Manola sonrió. Cuando la mujer sonreía para sí, es que había ingeniado un gag y, para evitar que se autolesionara, había que animarle a compartirlo con los demás.
- Sí, ¿Manola?.

- Emm...bueno eso del Hospital jijiji. Que si vas al museo de Heineken y te emborrachas y te levantas en el Hospital, es como en el Monopoli el "vaya a tal sitio sin pasar por la casilla de salida". Lo que mola pensar de lo que has dicho "vaya directamente al hospital sin pasar por la cárcel".
- Jajaja, Manola ¡qué mente tienes!- Sí no se le reía la gracia, se autolesionaba.

-Amigos-para concluir de modo triunfante la liberación definitiva de aquel grupo de tarados saqué de mi mochila una botella por abrir de Absolut- ¡Bebed para hacer un mundo de talla mediana!
El instructor, desolado, me pilló de un zarpazo la botella y se apartó del grupo.
- ¡Y una mierda!

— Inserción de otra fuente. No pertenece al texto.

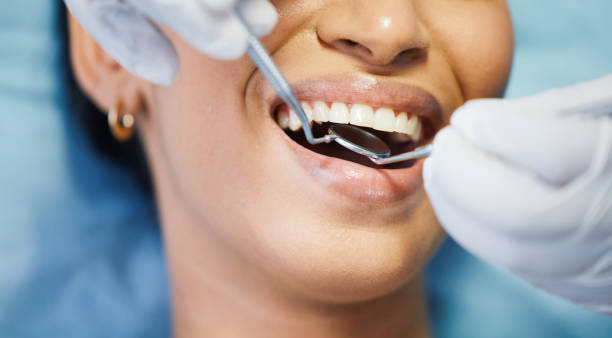 Best Emergency Care for Gum Disease in University Place, WA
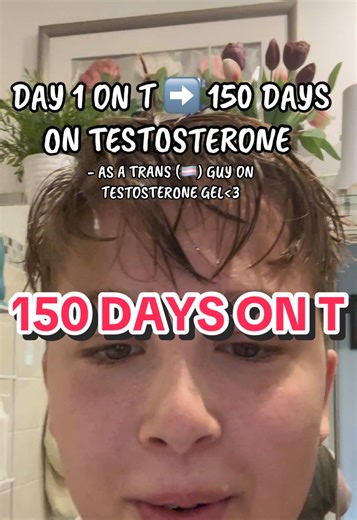 150 days on Testosterone #voiceupdateftm #ftmtransition #hrt #testosterone #fyp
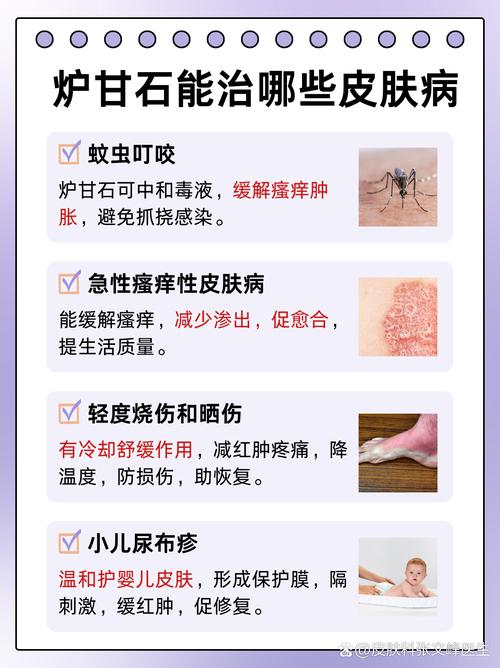 风水疙瘩可依用炉甘石涂抹吗？哪种情况下适用？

Hay que hacer subir el listón del mundo, lo queremos de talla alta.
-¿Has leído Houellebecq?
-No.
-Si lo haces, es posible que entiendas que, si el mundo es de talla mediana, también es porque hay gilipollas como tú.
El grupo de dementes neoalcohólicos-de nuevo- se abalanzó encima de él y tomaron la botella bajo su poder. Fue corriendo de morro en morro hasta que me llegó cuando ya no quedaba ni un chupito.